Zachary Channing Fox (born December 6, 1990) is an American stand-up comedian, rapper, writer, actor, illustrator and internet personality from Atlanta, Georgia. He has collaborated with Kenny Beats, Flying Lotus, and Thundercat.

Career
Fox got his start in 2013 on Twitter, tweeting jokes and amassing tens of thousands of followers under the alias "Bootymath." In subsequent years, he dropped the alias and expanded into music, joining the Awful Records collective.
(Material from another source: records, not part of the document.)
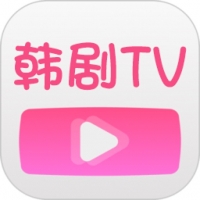 2024韩剧tv官方下载安装最新版本v5.9.2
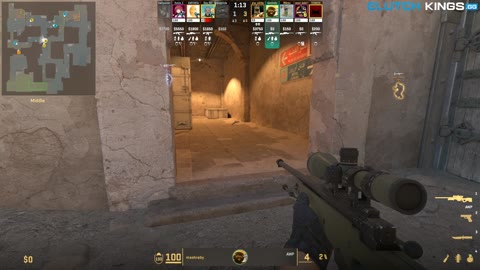 Clip #149134
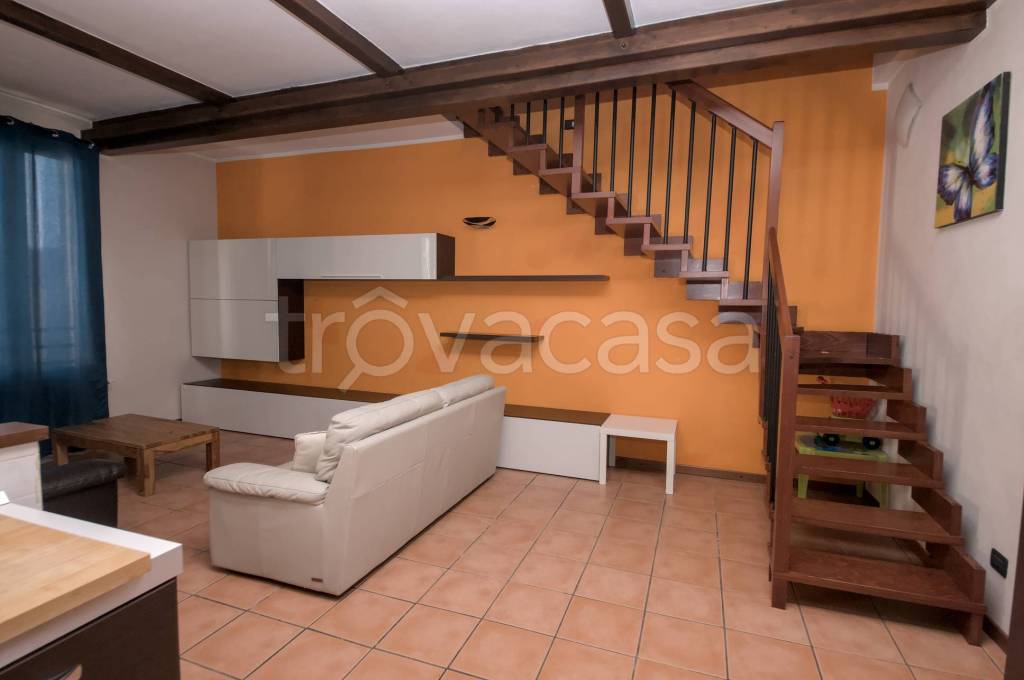 immagine annuncio 3 di 13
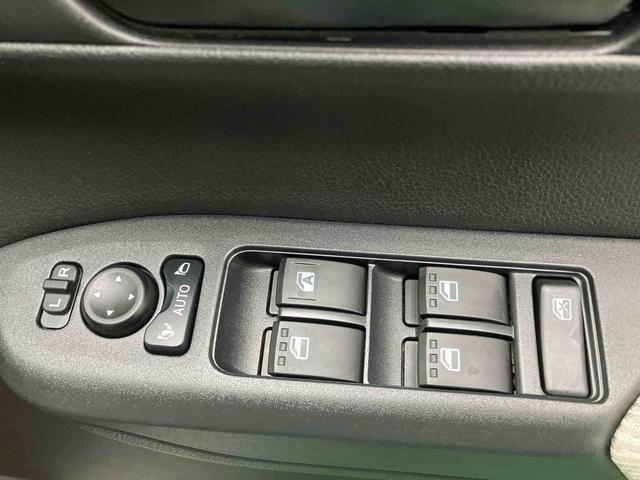 ムーヴX(沖縄県)の中古車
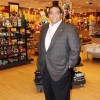 Nuevo Vicepresidente COO del Museo Nacional de Arte Mexicano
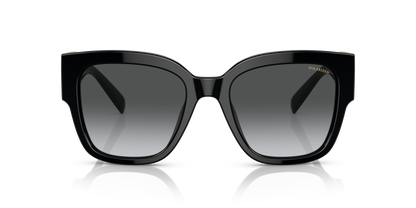 Designer frames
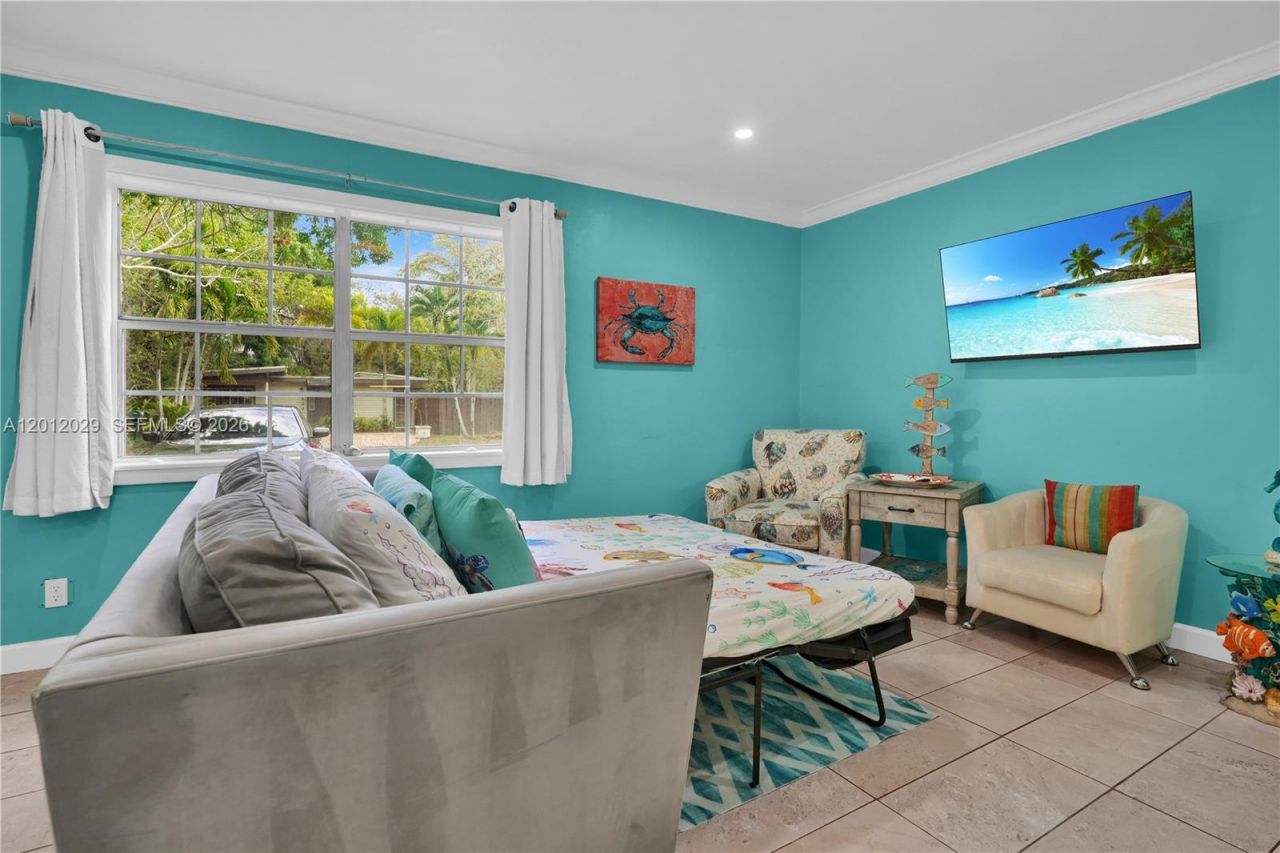 619 SW 13th Ave, Unit 1, Fort Lauderdale, FL 33312 Photo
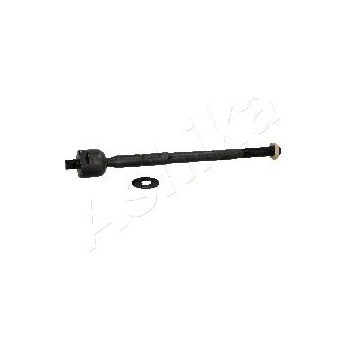 Axiálny čap tiahla riadenia ASHIKA 103-02-264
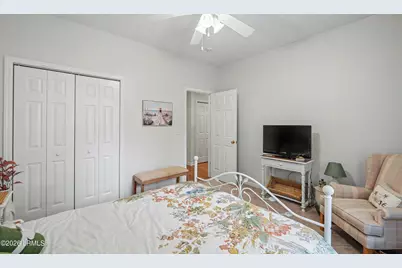 183 Brickyard Point Road S, Beaufort, SC 29907 - Photo 25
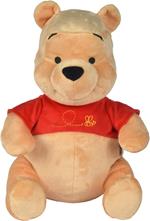 Disney: Winnie The Pooh - Winnie Cm.35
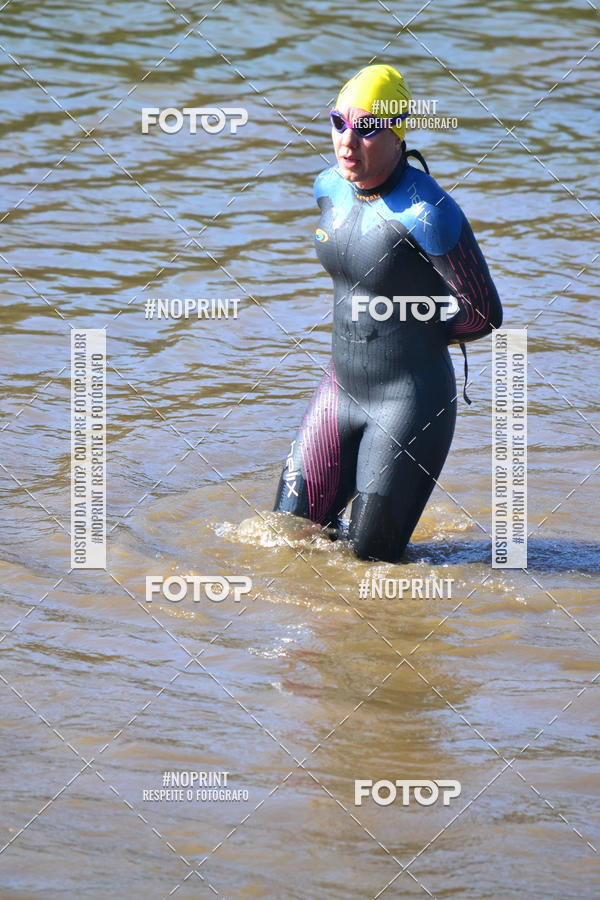 Buy your photos of the event3 ETAPA 2019 - EVTRI - Triatlhon  on Fotop
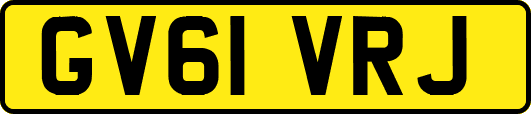 GV61VRJ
In 2017, his publicity increased as he illustrated the album sleeve of Thundercat's album Drunk, and also acted in and wrote for Kuso, the 2017 horror comedy film directed by Flying Lotus.

In October 2018, Fox released his first song, "Square Up" in collaboration with hip hop producer Kenny Beats.

In April 2019, Fox appeared on The Cave, a YouTube series in which Kenny Beats invites different artists to freestyle in his studio. Kenny and Fox recorded "Jesus Is the One (I Got Depression)," in the episode, and the song reached the number one spot on Spotify's U.S. viral chart on July 8, 2019. The two never intended to release the song commercially, but after its success they released an official version of it in June.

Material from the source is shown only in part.